Where or when in your life have you allowed the details to become more important than the thing they were serving? When I'm grading papers. All those comma splices and run-on sentences and misused words drive me nuts. And I sometimes lose track of my students' ideas (the big picture) when I focus on those details. But then again, if I don't focus on those details, my students won't become coherent writers. Right? Don't they need me to circle and point out their errors? When my teacher points out that I'm not pressing with the base of my index finger, she's not telling me I'm a bad yogi. She's asking me to be mindful of a detail that is essential to a strong foundation in all poses that require my hands to be on the mat. When I ask my students to pay attention to their syntax, I'm helping them build strong foundations for all the writing they'll do in their future lives. The details matter. But maybe they don't matter as much as I think they do—when a student's grammar is so atrocious that it takes me 30 minutes to get through a page, am I really serving that student by noting every single error? Probably not. A practice I'll try this year is to note repeated errors and have 5 minute conferences about those specific errors. Then I'll check the next paper for those same errors and see if there's improvement.

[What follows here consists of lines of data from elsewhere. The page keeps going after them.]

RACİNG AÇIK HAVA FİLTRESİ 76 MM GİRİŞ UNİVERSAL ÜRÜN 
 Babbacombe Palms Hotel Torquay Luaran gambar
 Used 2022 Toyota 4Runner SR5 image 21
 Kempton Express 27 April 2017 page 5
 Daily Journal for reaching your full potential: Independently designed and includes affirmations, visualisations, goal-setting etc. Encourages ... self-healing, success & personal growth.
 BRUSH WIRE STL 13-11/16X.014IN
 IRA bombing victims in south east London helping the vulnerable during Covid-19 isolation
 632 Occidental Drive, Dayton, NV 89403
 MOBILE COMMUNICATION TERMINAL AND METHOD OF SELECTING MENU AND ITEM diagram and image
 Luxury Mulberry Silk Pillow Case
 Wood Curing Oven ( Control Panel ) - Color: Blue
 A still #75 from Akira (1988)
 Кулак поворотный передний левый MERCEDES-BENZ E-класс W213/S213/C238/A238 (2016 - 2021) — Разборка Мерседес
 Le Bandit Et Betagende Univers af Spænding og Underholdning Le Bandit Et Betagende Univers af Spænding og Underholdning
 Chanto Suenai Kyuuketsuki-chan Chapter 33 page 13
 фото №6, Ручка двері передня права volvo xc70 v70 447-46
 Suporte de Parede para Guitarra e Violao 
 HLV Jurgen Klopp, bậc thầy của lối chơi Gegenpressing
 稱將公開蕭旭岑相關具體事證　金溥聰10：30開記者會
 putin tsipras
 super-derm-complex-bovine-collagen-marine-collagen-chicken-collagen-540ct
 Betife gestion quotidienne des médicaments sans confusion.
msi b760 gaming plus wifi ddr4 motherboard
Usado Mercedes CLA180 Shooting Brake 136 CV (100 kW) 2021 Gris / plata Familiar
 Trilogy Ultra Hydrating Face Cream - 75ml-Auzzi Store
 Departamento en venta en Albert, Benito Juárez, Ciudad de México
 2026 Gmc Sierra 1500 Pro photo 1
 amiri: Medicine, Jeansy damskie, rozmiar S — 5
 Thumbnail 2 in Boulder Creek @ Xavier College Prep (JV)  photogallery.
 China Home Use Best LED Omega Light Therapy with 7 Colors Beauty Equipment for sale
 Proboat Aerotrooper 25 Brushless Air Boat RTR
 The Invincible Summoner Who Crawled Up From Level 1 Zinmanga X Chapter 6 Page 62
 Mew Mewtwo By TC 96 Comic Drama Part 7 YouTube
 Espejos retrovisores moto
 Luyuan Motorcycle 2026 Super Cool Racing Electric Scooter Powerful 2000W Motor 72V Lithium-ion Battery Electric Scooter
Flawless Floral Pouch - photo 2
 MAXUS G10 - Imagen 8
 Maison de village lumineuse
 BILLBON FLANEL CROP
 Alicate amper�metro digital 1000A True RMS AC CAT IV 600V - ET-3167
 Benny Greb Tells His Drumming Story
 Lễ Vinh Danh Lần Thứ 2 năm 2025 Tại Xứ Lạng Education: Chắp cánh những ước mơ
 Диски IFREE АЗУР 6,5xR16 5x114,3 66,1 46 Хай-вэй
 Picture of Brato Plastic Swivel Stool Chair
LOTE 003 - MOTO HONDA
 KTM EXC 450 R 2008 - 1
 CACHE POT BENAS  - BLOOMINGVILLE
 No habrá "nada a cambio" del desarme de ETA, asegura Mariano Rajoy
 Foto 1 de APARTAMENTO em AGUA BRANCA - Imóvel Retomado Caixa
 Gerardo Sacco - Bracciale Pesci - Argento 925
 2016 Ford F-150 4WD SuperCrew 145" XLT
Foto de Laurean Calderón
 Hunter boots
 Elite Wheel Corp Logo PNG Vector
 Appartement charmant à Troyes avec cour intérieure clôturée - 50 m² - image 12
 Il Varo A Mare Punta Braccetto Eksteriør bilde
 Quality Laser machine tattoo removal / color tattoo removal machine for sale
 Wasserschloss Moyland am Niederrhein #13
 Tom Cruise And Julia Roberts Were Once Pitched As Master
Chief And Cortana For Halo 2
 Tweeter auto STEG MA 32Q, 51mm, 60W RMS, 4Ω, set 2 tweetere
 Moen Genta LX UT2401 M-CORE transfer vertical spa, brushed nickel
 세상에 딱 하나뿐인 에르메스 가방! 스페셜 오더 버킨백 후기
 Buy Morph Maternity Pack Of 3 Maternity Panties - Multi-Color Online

But what about the second question? Do I skip the details sometimes in search of the big picture (even at the expense of the big picture)? Maybe. I wonder if this isn't my major weakness as a teacher: I love to talk about the big, juicy stuff—the meaning of life stuff, the stuff that reading books is all about. I love to ponder the difficult questions with my students, and I love to see them drawing connections between themselves and the (often strange) folks in the texts we read. But, especially in upper level electives, do I err on this side too often? Would my upper level students benefit from the more direct explication that I ask for in lower level courses? Probably. Maybe I should start discussions more often with the plot, the themes, the characters, the setting, instead of asking students to extrapolate from what I assume they understand. In yoga, even the most basic poses can be incredibly challenging for an advanced practitioner, if you pay enough attention to the details. In fact, I've been through many excruciating adho mukha svanasanas (down dogs) and tadasanas (mountain poses)—thanks, Abby!

So, what do I do, now that I've acknowledged some of places where my teaching practice could be more refined?

1. Keep thinking about how I do assessment. (I've been poking around this guy's blog, wondering if there are insights I might glean—how can I adapt some of the methods he discusses to the kind of no-grades policy we have at Urban? Are there more efficient and more effective ways to give students feedback on their writing?)

2. Remember the details, particularly with older students. They may be faster at it, and they may need less coaching, but—especially considering the sheer length of the readings we often assign in electives—sometimes slowing down and going back to basics is a wise thing to do.

1 comment:

John Watkins said...

Once Abby referred to this as "going back to the wellspring" of our practice. I still reflect on that. Details seen in the context of the bigger picture. Thanks, Larissa, for this reflection.